Re: Terribly slow query with very good plan?

Les <nagylzs@xxxxxxxxx> · Fri, 4 Feb 2022 11:00:47 +0100

I really think now that the query plan is wrong (or "could be improved" so to say). As far as I understand, the "index only scan" is essentially a sequential scan on the index data. In this specific case, where the filter is a "begins with" condition on a field that is the starting (and only) column of an index, there is a much much better way to find out if there is a row or not: lookup the closest value in the index and see if it begins with the value. The operation of looking up the closest value in an index would be much more efficient.

> I don't understand how it is possible in the slow case  Rows Removed by Filter: 792025 (returns 0 row) and in the second case Rows Removed by Filter: 15 (returns 1 row).
Pavel, I think it is because the scan found a suitable row at the beginning of the scan and stopped the scan. If you look at that plan you will see that it uses a seq scan. It was fast by accident. :-)

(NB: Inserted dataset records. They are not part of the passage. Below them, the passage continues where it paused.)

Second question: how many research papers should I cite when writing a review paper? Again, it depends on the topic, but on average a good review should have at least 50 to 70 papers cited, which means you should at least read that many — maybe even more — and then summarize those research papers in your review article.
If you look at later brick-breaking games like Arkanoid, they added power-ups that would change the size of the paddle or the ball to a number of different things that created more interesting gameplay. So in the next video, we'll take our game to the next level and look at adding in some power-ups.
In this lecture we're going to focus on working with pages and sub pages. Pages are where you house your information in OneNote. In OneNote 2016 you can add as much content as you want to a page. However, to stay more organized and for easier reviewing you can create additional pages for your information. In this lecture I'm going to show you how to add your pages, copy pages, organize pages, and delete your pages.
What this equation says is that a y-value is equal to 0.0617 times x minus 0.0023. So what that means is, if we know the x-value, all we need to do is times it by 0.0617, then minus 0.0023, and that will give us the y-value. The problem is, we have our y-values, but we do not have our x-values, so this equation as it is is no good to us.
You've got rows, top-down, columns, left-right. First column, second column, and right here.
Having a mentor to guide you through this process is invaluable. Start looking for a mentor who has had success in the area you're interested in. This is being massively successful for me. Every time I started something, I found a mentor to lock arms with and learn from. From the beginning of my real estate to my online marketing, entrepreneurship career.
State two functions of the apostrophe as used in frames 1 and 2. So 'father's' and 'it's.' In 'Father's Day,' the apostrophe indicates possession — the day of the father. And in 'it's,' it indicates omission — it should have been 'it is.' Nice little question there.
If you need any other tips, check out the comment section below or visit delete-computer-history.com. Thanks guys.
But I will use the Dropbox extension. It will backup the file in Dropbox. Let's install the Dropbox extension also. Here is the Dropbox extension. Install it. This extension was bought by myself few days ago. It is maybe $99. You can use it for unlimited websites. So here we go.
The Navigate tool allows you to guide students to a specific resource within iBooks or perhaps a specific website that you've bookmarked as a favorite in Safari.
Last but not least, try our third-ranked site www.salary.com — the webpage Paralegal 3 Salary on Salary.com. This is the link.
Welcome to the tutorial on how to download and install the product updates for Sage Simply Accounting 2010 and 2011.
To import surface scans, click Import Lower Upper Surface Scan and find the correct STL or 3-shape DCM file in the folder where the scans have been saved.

The plan of that single-row version was changed to a normal index scan, after I added the collation "C" index:

EXPLAIN (ANALYZE, COSTS, VERBOSE, BUFFERS)
select exists ( 
	select id from media.oo_file of2  where relpath like 'this does not exist%'
);
QUERY PLAN                                                                                                                           |
-------------------------------------------------------------------------------------------------------------------------------------+
Result  (cost=0.63..0.64 rows=1 width=1) (actual time=0.022..0.023 rows=1 loops=1)                                                   |
  Output: $0                                                                                                                         |
  Buffers: shared hit=4                                                                                                              |
  InitPlan 1 (returns $0)                                                                                                            |
    ->  Index Only Scan using test on media.oo_file of2  (cost=0.55..8.57 rows=108 width=0) (actual time=0.018..0.018 rows=0 loops=1)|
          Index Cond: ((of2.relpath >= 'this does not exist'::text) AND (of2.relpath < 'this does not exisu'::text))                 |
          Filter: (of2.relpath ~~ 'this does not exist%'::text)                                                                      |
          Heap Fetches: 0                                                                                                            |
          Buffers: shared hit=4                                                                                                      |
Planning Time: 0.530 ms                                                                                                              |
Execution Time: 0.055 ms                                                                                                             |

I would expect for the same originally slow query with the has_file column, but it does not happen. :-(